All lines from the one containing "Maison Des Abeilles Vda Gressan N 0028 外观 照片" through the final line of the listing below, and no others, must be returned exactly; no pictures belong in the copy.
[Start of Attachment]
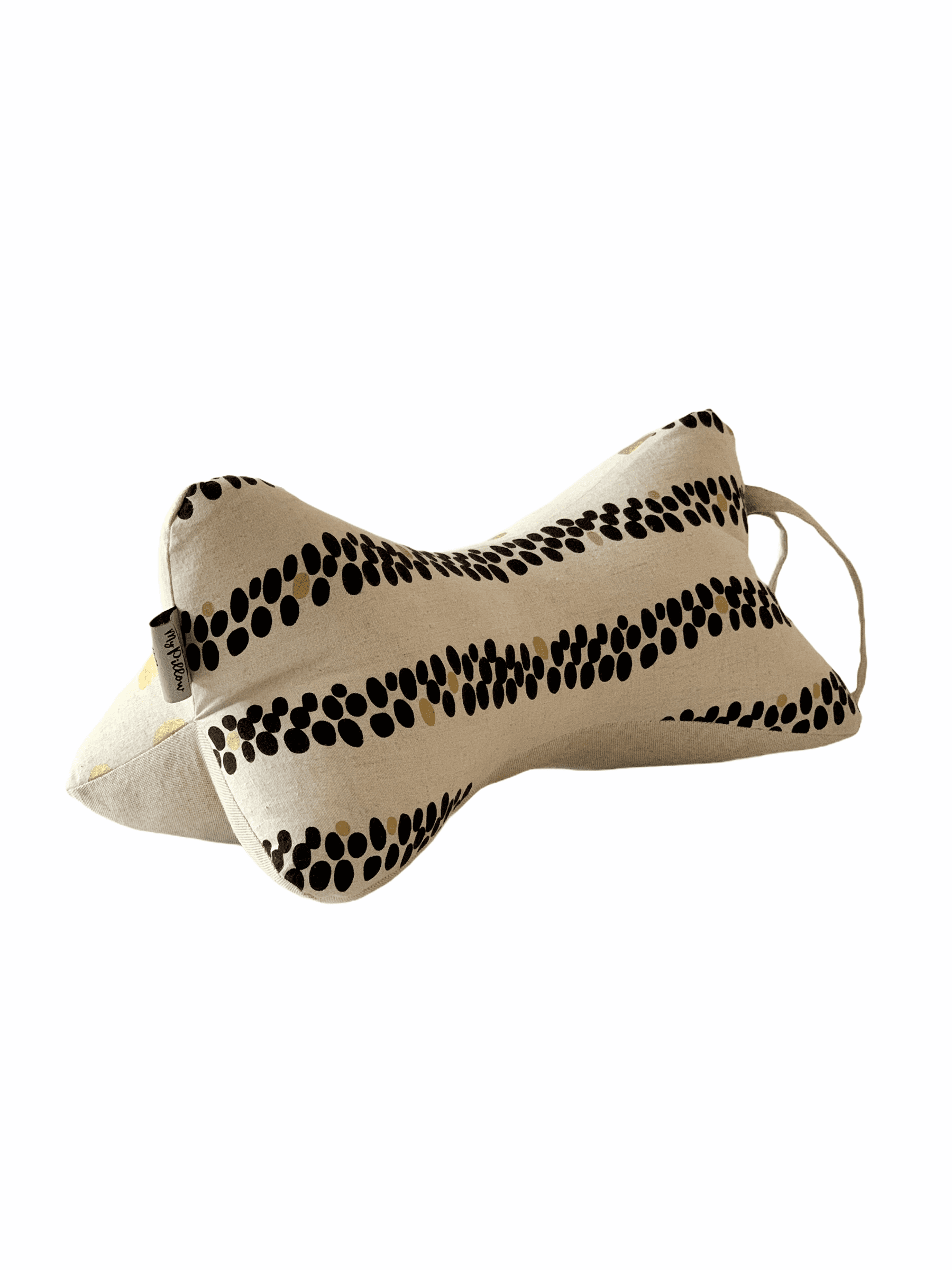 Cojín / Almohada My Pillow Puntos dorados-0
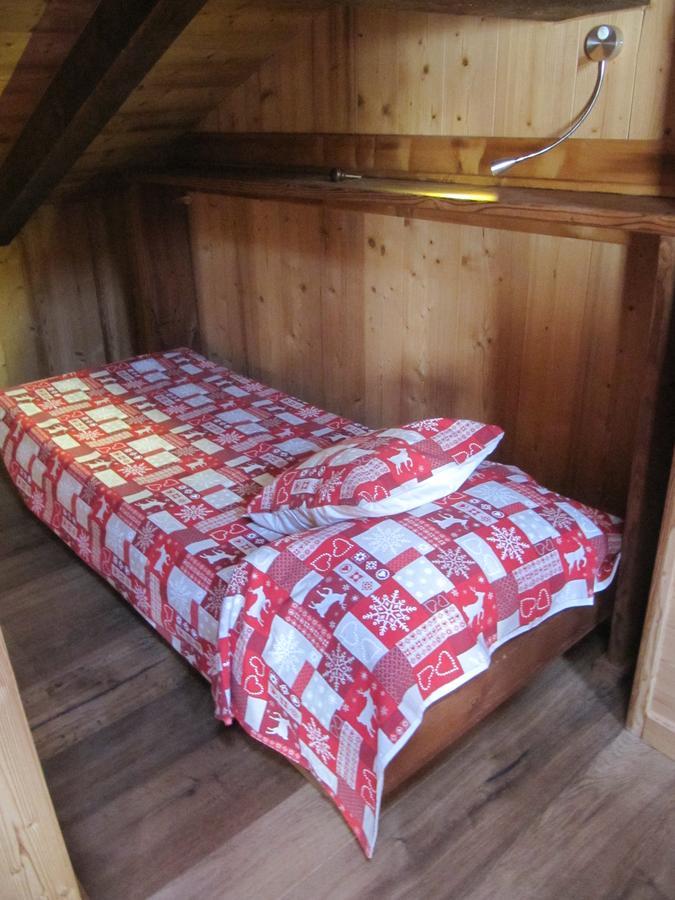 Maison Des Abeilles Vda Gressan N 0028 外观 照片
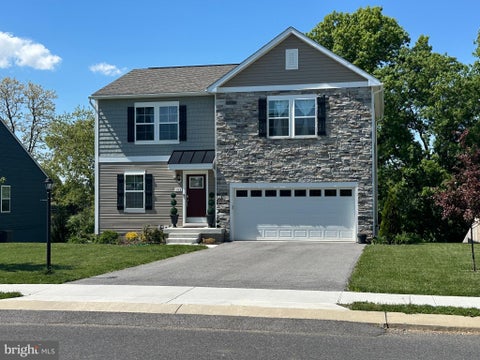 Homes For Sale - HOMESITE 74 Heritage Drive<br/> HANOVER, PA 17331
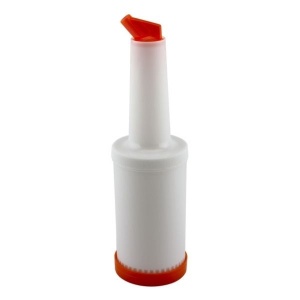 Set Store And Pour Quart 1 L Portocaliu PS601N-24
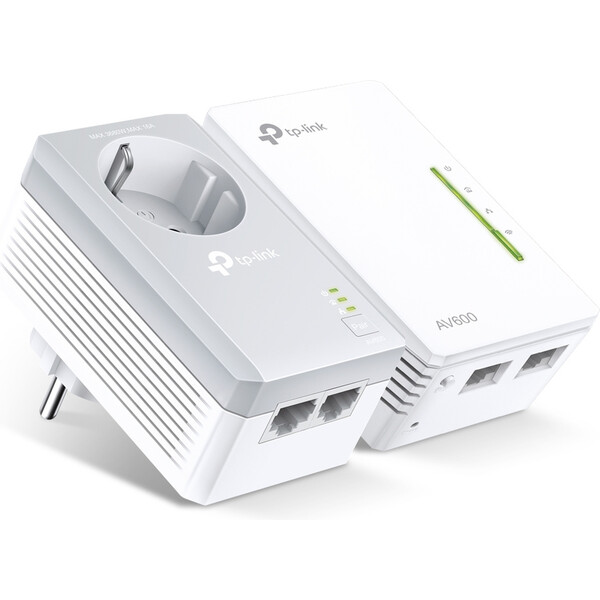 TP-Link TL-WPA4226KIT Powerline+WiFi sada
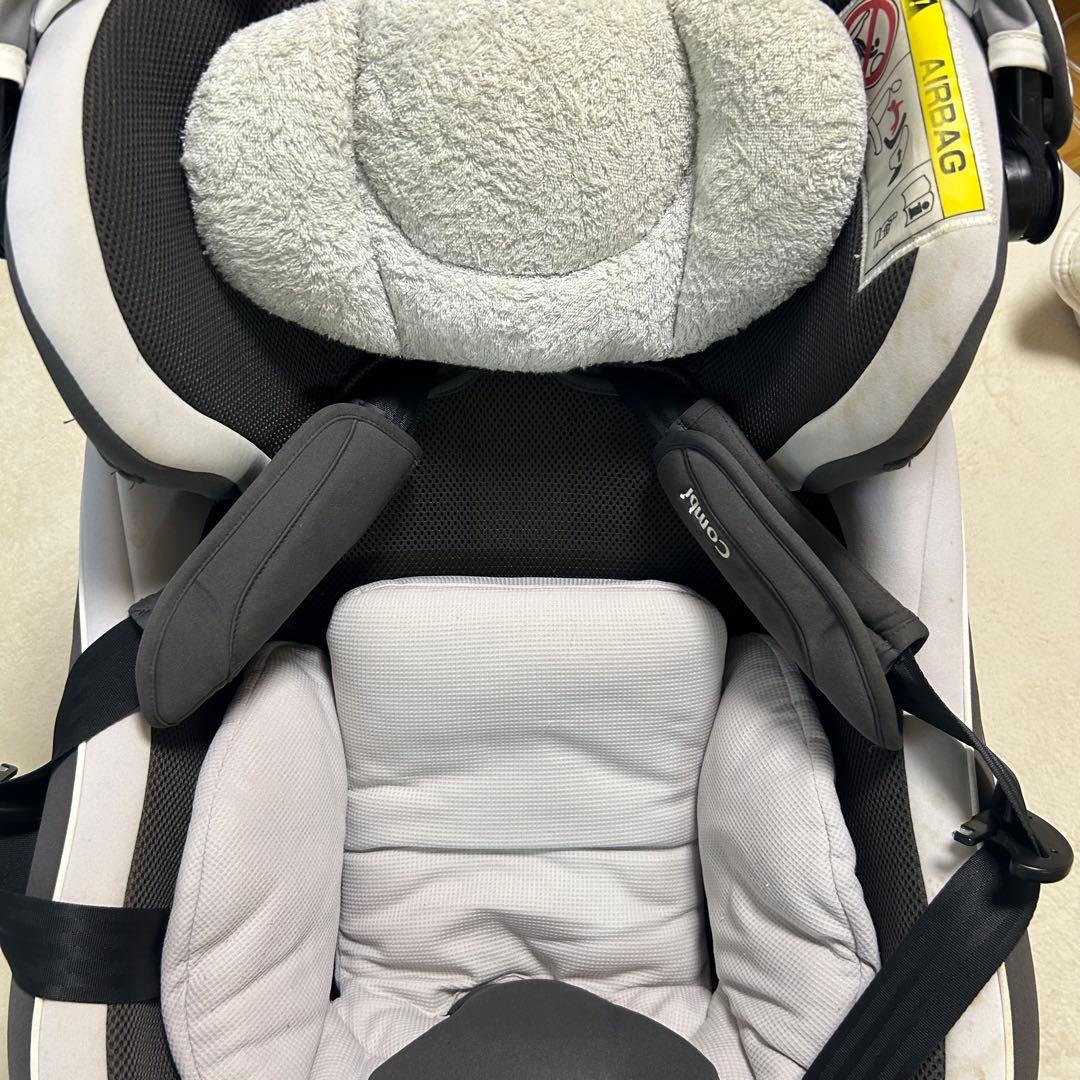 combi コンビ クルムーヴ チャイルドシート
[End of Attachment]
▶ Response to this exercise:
 Maison Des Abeilles Vda Gressan N 0028 外观 照片
 Homes For Sale - HOMESITE 74 Heritage Drive<br/> HANOVER, PA 17331
 Set Store And Pour Quart 1 L Portocaliu PS601N-24
 TP-Link TL-WPA4226KIT Powerline+WiFi sada
 combi コンビ クルムーヴ チャイルドシート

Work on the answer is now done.